Given the series : $$\sum_{n=1}^{\infty}e^{-\sqrt{n}}$$ Determine if convergent or divergent.

The function is positive and monotonically decreasing function so I've used the "Integral Test"

$$\int_{1}^{\infty}e^{-\sqrt{x}}$$

then:$$ e^{-\sqrt{x}}\leq e^{\sqrt{x}}\leq e^{x}$$

$$\int_{1}^{\infty}e^{x}dx$$ which is clearly Divergent but the answer for some reason is convergent

Edit: Sorry for the misinterpretation. I forgot that if $f(x)>g(x)$ and $f(x)$ is divergent, it doesn't necessarily mean that $g(x)$ is divergent(contrary to convergent). Does anyone have a general direction for how do I suppose to solve it? I think that integral test is the most natural direction for solving this

Answer 1

Hint:

Near $+\infty$, $\;n^2=o\bigl(\mathrm e^{\sqrt n}\bigr)$, whence $\;\mathrm e^{-\sqrt n}=o\Bigl(\dfrac1{n^2}\Bigr)$.

Answer 2

For each $n\in\mathbb N$, $e^{-\sqrt n}\leqslant\sqrt ne^{-\sqrt n}$. But the series $\displaystyle\sum_{n=1}^\infty\sqrt ne^{-\sqrt n}$ converges, by the integral test:$$\int_1^\infty\sqrt xe^{-\sqrt x}=\lim_{M\to\infty}\bigl[-\left(2x+4\sqrt x+4\right)e^{-\sqrt x}\bigr]_1^M=\frac 6e.$$Therefore, your series converges, too.

Answer 3

$u=\sqrt x;\ du=\frac{1}{2\sqrt x}dx\Rightarrow \int_{1}^{\infty}e^{-\sqrt{x}}dx=2\int_{1}^{\infty}ue^{-u}du $ and this integral converges.

Answer 4

Hint.

$$ \frac{1}{e^{\sqrt n}}\le \frac{1}{e^{1.2\ln n}} = \frac{1}{n^{1.2}} $$

Answer 5

You're confusing the sandwich/squeeze theorem with the integral test.

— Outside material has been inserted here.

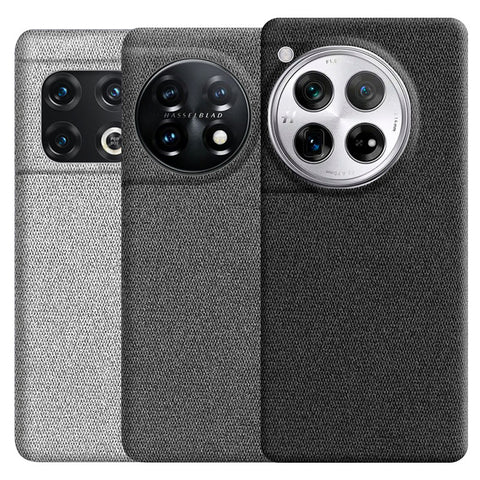 Coque en tissu OnePlus 12, OnePlus 11, OnePlus 10 Pro en noir, gris foncé et gris clair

The sandwich theorem says that if $g_1(x)<f(x)<g_2(x)$ and $g_1$ and $g_2$ converge, then $f$ converges. The converse does not hold: if $g_1$ and $g_2$ diverge, that does not mean that $f$ diverges. If the converse were true, then any function that is smaller than $e^x$ would be divergent, which is absurd.

The integral test, on the other hand, is an "if and only if" test, but that just takes the integral of the sequence. See https://en.wikipedia.org/wiki/Integral_test_for_convergence . So you should take just the integral of $e^{\sqrt x}$, not $e^{-\sqrt x}$ or $e^{x}$

Answer 6

I usually think that Integral Test is the least elegant way to show the convergence of a sequence. I do have to admit that it is convenient, simple and powerful, though.

In order to show convergence of series involving negative power of $e$, using the Taylor Expansion of $e^x$ is a good way.

Notice that

$$e^\sqrt{n} = \sum_{k=0}^\infty \frac{(\sqrt{n})^k}{k!} > \frac{n^2}{4!}$$

we have

$$ \sum_{n=1}^\infty e^{-\sqrt{n}} = \sum_{n=1}^\infty \frac{1}{e^\sqrt{n}} < \sum_{n=1}^\infty \frac{4!}{n^2} $$

and then you should be able to prove that the series converges.